This report documents the activities performed and the results obtained for the EPA arsenic removal technology demonstration project at the Town of Taos in New Mexico. The main objective of the project was to evaluate the effectiveness of Severn Trent Services’ (STS) SORB 33™ adsorptive media in removing arsenic to meet the maximum contaminant level (MCL) of 10 g/L. Additionally, this project evaluated 1) the reliability of the treatment system for use at small water facilities, 2) the required system operation and maintenance (O&M) and operator skill levels, and 3) the capital and O&M cost of the technology. The project also characterizes water in the distribution system and residuals generated by the treatment process. The types of data collected include system operation, water quality, process residuals, and capital and O&M cost.

The STS system consisted of a carbon dioxide (CO2) pH control system and three 63-in-diameter, 86-in-tall fiberglass reinforced plastic (FRP) vessels in parallel configuration, each designed for approximately 60 ft3 of SORB 33™ pelletized media. The media is an iron-based adsorptive media developed by Bayer AG and packaged under the name SORB 33™ by STS. The system was designed for a flowrate of 450 gal/min (gpm) (or 150 gpm to each vessel), corresponding to an empty bed contact time (EBCT) of about 3.0 min and a hydraulic loading rate of 6.9 gpm/ft2. The actual amount of media loaded based on freeboard measurements was 216 ft3 (or 72 ft3/vessel), thus resulting in a longer EBCT of 3.2 min even at a higher flowrate of 503 gpm.

Upon approval of engineering plans by the New Mexico Environment Department/Drinking Water Bureau (NMED/DWB) and completion of a pipeline project by the Town of Taos, the APU-450 treatment system began operating on February 14, 2006. From February 14, 2006 through October 23, 2007, the treatment system operated for only 215 days, with an average daily operating time of only 3.9 hr. Frequent and prolonged system downtime occurred during the performance evaluation study, caused primarily by non-system-related issues, such as power outages and facility pipeline leakage. Because the treatment system and booster pump station were not integrated with the Town’s system control and data acquisition (SCADA) system, the operator had to manually operate the system. The labor intensive nature of system operations also contributed to the fewer and shorter daily runs. The system treated approximately 22,977,000 gal of water, or 14,192 bed volumes (BV), which was only 11% of the vendor-estimated working capacity for the SORB 33™ media. Because the system was far from reaching the treatment target of 10 μg/L after about 20 months of operation, a decision was made to discontinue the performance evaluation study.

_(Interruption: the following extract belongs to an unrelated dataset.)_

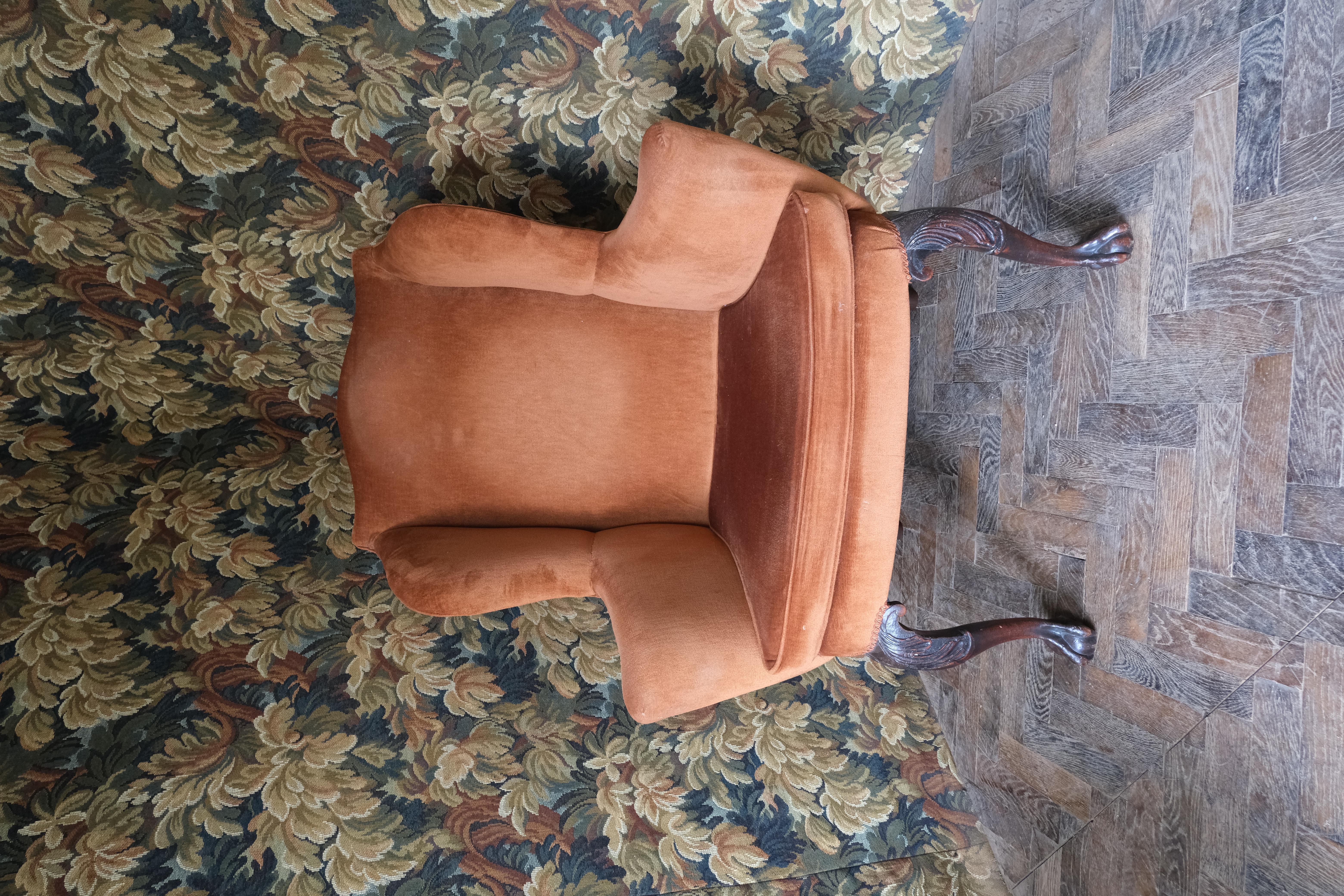 Mahogany Georgian style wing chair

Source water supplied by Well 8 had an average total arsenic concentration of 16.9 g/L with soluble As(V) as the predominating species at 16.8 μg/L (on average). pH values of source water were high, ranging from 9.5 to 9.8 and averaging 9.6. After some troubleshooting, the pH control system effectively reduced pH values of the water entering the treatment system to 7.3 to 7.4, close to the target value of 7.2. The automatic pH control system used a JUMO pH/Proportional Integral Derivative (PID) to regulate CO2 gas flow with signals received from an inline pH probe. CO2 gas was injected to a side stream of water with a microporous membrane module housed in a sanitary cross.

During the performance evaluation study, total arsenic was reduced to an average of less than 1 μg/L, except for the one spike at 7.4, 7.2, and 8.8 μg/L at the TA, TB, and TC sampling locations, respectively. The exact cause of the spike was unknown. Little or no iron or manganese was measured in raw water and system effluent.

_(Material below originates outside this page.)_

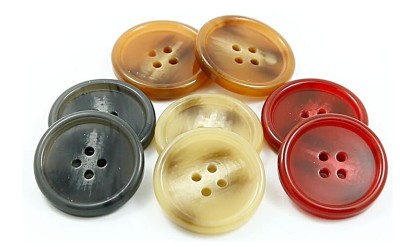 TJ  JK  時尚四眼樹脂鈕扣  25mm 45度照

Comparison of the distribution system sampling results before and after the system startup showed no significant differences in concentrations of arsenic and other analytes. This was because the treated Well 8 water contributed only 10% of the capacity in a 1,000,000-gal water tower, from which water was distributed either directly to the distribution sytem or indirectly through a 500,000-gal storage tower.

Backwash wastewater was sampled three times during the performance evaluation study. pH values ranged from 7.4 to 8.1 and averaged 7.7, somewhat higher than that of the treated water used for backwash. The water used for backwash was withdrawn from a 50,000-gal holding tank. Some CO2 degassing likely took place during storage and transit, thereby elevating the pH values. As expected, total suspended solids (TSS) values were low, ranging from 16 to 82 mg/L and averaging 37 mg/L. Concentrations of total arsenic, iron, and manganese ranged from 1.1 to 11.8 g/L, from 0.14 to 8.9 mg/L, and from 0.7 to 64.0 g/L, respectively, with the majority of iron and manganese existing in the particulate form. The unexpectedly high iron concentrations in the backwash wastewater might have been media fines produced during the backwashing process.

The capital investment for the system was $296,644 consisting of $202,685 for equipment, $32,750 for site engineering, and $61,209 for installation, shakedown, and startup. Using the system’s rated capacity of 450 gpm (or 648,000 gal/day [gpd]), the capital cost was $659/gpm (or $0.46/gpd) of design capacity. This calculation does not include the cost of the building to house the treatment system.

The O&M included only incremental costs associated with media replacement and disposal, CO2 supply, electricity, and labor. Although not replaced, the media changeout cost was estimated to be $41,749 for all three adsorption vessels, which would represent the majority of the O&M cost. CO2 cost was $0.29/1,000 gal of water treated, most of the CO2 cost was for the lease of four 380-lb dewars and two 50-lb back-up cylinders.